First row: tensor([1., 1., 1., 1.])
First column: tensor([1., 1., 1., 1.])
Last column: tensor([1., 1., 1., 1.])
Updated tensor: 
 tensor([[1., 0., 1., 1.],
        [1., 0., 1., 1.],
        [1., 0., 1., 1.],
        [1., 0., 1., 1.]]) 



### Joining tensors
You can use `torch.cat` to concatenate a sequence of tensors along a given dimension. 

In [8]:
t1 = torch.cat([tensor,tensor,tensor], dim=1)
print(f'Concatenated Tensors: \n {t1} \n')

Concatenated Tensors: 
 tensor([[1., 0., 1., 1., 1., 0., 1., 1., 1., 0., 1., 1.],
        [1., 0., 1., 1., 1., 0., 1., 1., 1., 0., 1., 1.],
        [1., 0., 1., 1., 1., 0., 1., 1., 1., 0., 1., 1.],
        [1., 0., 1., 1., 1., 0., 1., 1., 1., 0., 1., 1.]]) 



### Arithmetic operations

In [9]:
# This computes the matrix multiplication between two tensors. y1, y2, y3 will have the same value
# ``tensor.T`` returns the transpose of a tensor
y1 = tensor @ tensor.T
y2 = tensor.matmul(tensor.T)

y3 = torch.rand_like(y1)
torch.matmul(tensor, tensor.T, out=y3)


# This computes the element-wise product. z1, z2, z3 will have the same value
z1 = tensor * tensor
z2 = tensor.mul(tensor)

z3 = torch.rand_like(tensor)
torch.mul(tensor, tensor, out=z3)

tensor([[1., 0., 1., 1.],
        [1., 0., 1., 1.],
        [1., 0., 1., 1.],
        [1., 0., 1., 1.]])

### Single-element tensors
If you have a one-element tensor, for example by aggregating all values of a tensor into one value, you can convert it to a Python numerical value using `item()`:

In [10]:
agg = tensor.sum()
agg_item = agg.item()
print(agg_item, type(agg_item))

12.0 <class 'float'>


### In-place operations
Operations that store the result into one operand are called in-place.
They are denoted by a `_` suffix.
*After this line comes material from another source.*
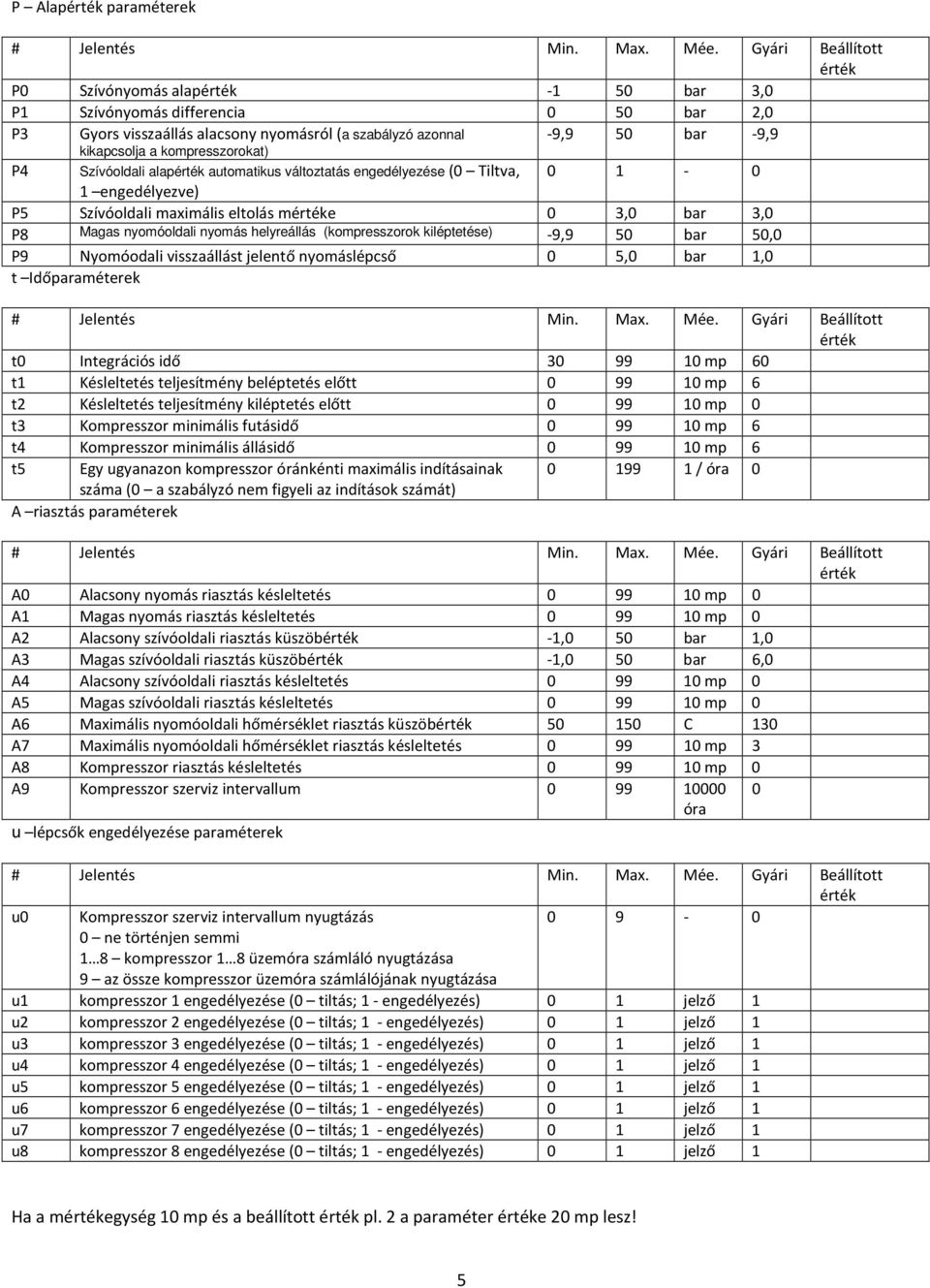 (kompresszorok kiléptetése) -9,9 50 bar 50,0 P9 Nyomóodali visszaállást jelentő nyomáslépcső 0 5,0 bar 1,0 t Időparaméterek t0 Integrációs idő 30 99 10 mp 60 t1 Késleltetés teljesítmény beléptetés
For example: `x.copy_(y)`, `x.t_()`, will change `x`.

In [11]:
print(f"{tensor} \n")
tensor.add_(5)
print(tensor)

tensor([[1., 0., 1., 1.],
        [1., 0., 1., 1.],
        [1., 0., 1., 1.],
        [1., 0., 1., 1.]]) 

tensor([[6., 5., 6., 6.],
        [6., 5., 6., 6.],
        [6., 5., 6., 6.],
        [6., 5., 6., 6.]])


#### Note:
In-place operations save some memory, but can be problematic when computing derivatives because of an immediate loss of history. Hence, their use is discouraged.